An anonymous person ordered a prank item from a North Carolina online seller and had it delivered to plaintiff at her place of employment. She opened the package in front of co-workers and found its contents “highly inappropriate and humiliating, especially in an office setting.” She sued the anonymous purchaser and the seller in state court alleging intentional infliction of emotional distress by the buyer and negligence by the seller. The seller filed a special appearance based on its non-residency in Texas. It subsequently removed the case to federal court on diversity grounds and filed motions to dismiss for lack of personal jurisdiction (FRCP 12(b)(2)) and failure to state a claim (FRCP 12(b)(6)). The federal court remanded to state court for lack of jurisdiction because the damages requested fell below the jurisdictional threshold. Plaintiff then filed a motion to strike the seller’s special appearance because the seller sought relief in federal court. The court proceeded to set the seller’s special appearance for hearing. After the hearing, the trial court signed an order granting plaintiff’s motion to strike and denying the special appearance. The seller filed an interlocutory appeal.

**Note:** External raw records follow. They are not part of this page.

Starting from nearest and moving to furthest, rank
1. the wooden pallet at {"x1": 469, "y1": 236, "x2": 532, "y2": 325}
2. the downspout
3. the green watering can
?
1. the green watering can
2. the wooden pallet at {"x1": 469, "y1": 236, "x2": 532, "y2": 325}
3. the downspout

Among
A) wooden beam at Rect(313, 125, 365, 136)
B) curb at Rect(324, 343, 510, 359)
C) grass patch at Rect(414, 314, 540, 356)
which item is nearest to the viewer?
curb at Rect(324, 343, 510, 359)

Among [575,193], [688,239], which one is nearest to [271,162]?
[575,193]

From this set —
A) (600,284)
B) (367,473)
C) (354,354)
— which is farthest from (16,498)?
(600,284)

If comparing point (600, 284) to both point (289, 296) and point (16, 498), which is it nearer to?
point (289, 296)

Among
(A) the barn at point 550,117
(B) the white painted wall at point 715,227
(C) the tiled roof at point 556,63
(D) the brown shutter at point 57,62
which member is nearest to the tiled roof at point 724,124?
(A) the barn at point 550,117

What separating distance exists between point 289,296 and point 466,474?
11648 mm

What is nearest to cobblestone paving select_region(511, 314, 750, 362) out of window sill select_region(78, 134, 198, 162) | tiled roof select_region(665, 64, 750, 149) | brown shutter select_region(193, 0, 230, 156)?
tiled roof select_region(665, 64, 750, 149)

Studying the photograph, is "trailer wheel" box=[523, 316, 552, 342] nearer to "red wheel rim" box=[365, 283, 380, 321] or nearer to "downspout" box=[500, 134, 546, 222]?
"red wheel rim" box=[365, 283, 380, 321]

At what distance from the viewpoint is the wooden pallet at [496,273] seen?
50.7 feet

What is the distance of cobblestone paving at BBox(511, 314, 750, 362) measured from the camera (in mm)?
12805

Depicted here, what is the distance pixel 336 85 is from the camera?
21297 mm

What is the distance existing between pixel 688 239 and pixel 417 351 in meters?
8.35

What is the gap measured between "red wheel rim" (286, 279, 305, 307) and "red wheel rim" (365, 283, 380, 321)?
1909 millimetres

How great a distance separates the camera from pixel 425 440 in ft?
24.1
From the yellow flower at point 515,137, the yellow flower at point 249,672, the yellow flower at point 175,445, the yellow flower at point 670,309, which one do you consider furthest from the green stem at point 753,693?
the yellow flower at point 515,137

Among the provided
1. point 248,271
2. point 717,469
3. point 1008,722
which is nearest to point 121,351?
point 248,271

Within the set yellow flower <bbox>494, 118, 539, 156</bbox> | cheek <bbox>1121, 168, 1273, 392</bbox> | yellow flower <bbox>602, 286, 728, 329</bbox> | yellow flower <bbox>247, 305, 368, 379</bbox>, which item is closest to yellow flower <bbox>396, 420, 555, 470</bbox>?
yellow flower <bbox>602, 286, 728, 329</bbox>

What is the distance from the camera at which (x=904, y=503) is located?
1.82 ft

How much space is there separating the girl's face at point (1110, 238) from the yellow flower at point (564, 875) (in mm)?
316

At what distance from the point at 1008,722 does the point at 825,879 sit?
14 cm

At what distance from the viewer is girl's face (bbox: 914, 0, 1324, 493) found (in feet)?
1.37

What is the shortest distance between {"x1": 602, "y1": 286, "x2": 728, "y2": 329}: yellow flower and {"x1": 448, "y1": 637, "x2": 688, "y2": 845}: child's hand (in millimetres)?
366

These are the facts of Witty Yeti, LLC and John Doe v. Janelle Plummer (04-22-00075-CV). In an opinion by Chief Justice Martinez, the San Antonio Court of Appeals reversed the trial court’s orders and dismissed the case for want of personal jurisdiction over the seller. The primary issue in the case was whether the seller waived its special appearance under TRCP 120a’s due-order-of-pleading requirement, which requires a party challenging personal jurisdiction to plead and file the special appearance before any other pleas or motions. A party waives its special appearance if it :(1) invokes the judgment of the court on any question other than the court’s jurisdiction, (2) recognizes by its acts that an action is properly pending, or (3) seeks affirmative action from the court” inconsistent with the special appearance (citations omitted). The rule further requires that a special appearance “must be heard and determined before a motion to transfer venue or any other plea or pleading may be heard” (citations omitted).

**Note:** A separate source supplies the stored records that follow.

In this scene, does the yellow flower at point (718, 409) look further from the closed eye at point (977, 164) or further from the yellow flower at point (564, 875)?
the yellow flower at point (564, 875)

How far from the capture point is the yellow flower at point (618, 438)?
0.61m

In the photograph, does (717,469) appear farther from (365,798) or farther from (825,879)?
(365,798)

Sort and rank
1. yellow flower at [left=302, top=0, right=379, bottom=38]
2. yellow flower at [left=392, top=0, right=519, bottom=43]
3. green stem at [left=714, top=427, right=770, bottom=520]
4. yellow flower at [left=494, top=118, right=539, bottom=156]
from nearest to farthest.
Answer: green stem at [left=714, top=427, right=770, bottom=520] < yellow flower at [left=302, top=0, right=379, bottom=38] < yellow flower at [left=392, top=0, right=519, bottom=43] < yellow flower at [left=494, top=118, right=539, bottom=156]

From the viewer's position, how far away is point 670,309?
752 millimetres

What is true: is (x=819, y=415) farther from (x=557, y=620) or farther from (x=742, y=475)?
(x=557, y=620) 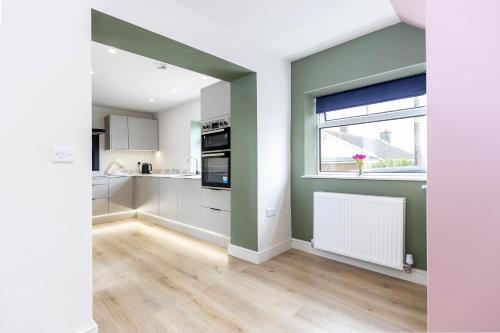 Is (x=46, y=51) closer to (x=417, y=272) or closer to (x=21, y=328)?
(x=21, y=328)

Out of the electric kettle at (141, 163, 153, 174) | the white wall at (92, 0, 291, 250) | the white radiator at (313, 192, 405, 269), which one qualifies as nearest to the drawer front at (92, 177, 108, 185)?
the electric kettle at (141, 163, 153, 174)

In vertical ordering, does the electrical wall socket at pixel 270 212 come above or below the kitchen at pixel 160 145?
below

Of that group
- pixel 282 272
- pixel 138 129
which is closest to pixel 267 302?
pixel 282 272

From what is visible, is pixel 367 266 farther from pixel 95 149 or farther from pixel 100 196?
pixel 95 149

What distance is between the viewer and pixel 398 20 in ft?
7.27

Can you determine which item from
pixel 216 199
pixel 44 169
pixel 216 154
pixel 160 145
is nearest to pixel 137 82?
pixel 216 154

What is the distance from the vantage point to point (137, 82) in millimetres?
3834

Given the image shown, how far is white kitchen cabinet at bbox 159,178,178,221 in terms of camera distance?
4070 mm

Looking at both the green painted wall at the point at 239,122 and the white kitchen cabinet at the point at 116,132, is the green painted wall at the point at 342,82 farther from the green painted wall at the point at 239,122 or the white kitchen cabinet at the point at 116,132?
the white kitchen cabinet at the point at 116,132

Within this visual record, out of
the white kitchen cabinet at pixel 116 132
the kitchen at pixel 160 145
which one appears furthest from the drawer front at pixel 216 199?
the white kitchen cabinet at pixel 116 132

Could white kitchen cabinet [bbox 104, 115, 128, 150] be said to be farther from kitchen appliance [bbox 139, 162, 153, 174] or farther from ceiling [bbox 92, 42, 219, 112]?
kitchen appliance [bbox 139, 162, 153, 174]

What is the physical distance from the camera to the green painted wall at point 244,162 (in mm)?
2746

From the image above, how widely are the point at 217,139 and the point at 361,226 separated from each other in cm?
200

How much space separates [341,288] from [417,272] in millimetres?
730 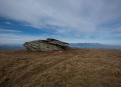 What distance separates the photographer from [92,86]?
675cm

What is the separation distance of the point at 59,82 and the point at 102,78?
12.2 feet

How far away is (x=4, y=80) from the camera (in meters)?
8.47

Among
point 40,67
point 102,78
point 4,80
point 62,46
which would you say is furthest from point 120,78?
point 62,46

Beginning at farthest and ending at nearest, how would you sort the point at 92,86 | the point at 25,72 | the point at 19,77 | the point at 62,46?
the point at 62,46 → the point at 25,72 → the point at 19,77 → the point at 92,86

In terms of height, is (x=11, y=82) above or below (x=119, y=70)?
below

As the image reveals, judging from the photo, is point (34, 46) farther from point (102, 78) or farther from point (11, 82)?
point (102, 78)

Plaintiff argued that by removing the case to federal court and seeking affirmative relief, the seller waived its special appearance. The court of appeals disagreed. First, the seller complied with Rule 120a by pleading its special appearance first (although it could have made other motions after the special appearance, in this case the seller did not make any other motions). When the seller removed the case to federal court, it likewise followed the due-order-of-pleading requirement in Rule 12 by pleading lack of jurisdiction first and failure to state a claim after that. The seller’s 12(b)(6) motion to dismiss, the court held, did not waive the seller’s special appearance in state court because it did not seek relief inconsistent with the state court’s lack of jurisdiction. Having determined that the seller complied with Rule 120a, the court had no difficulty deciding for the seller on the merits. The seller’s only contacts with Texas involved shipping products that may end up in Texas and maintaining a commercial website that may be viewed in Texas. Neither of these contacts rise to the jurisdictional level of “purposeful availment” of a Texas forum.

This is the second Rule 120a case we have seen in the past few weeks. The seller’s counsel clearly had a good grasp of both the state and federal rules governing challenges to personal jurisdiction. It seeks unlikely to us that plaintiff’s case would have gotten very far on the merits, either, since the seller’s only action was filling the order and declining to rat on the person who ordered it (if the seller even knew). Perhaps the takeaway is not to open packages from “John Doe,” whether you’re at work or anywhere else. Better to send those back where they came from.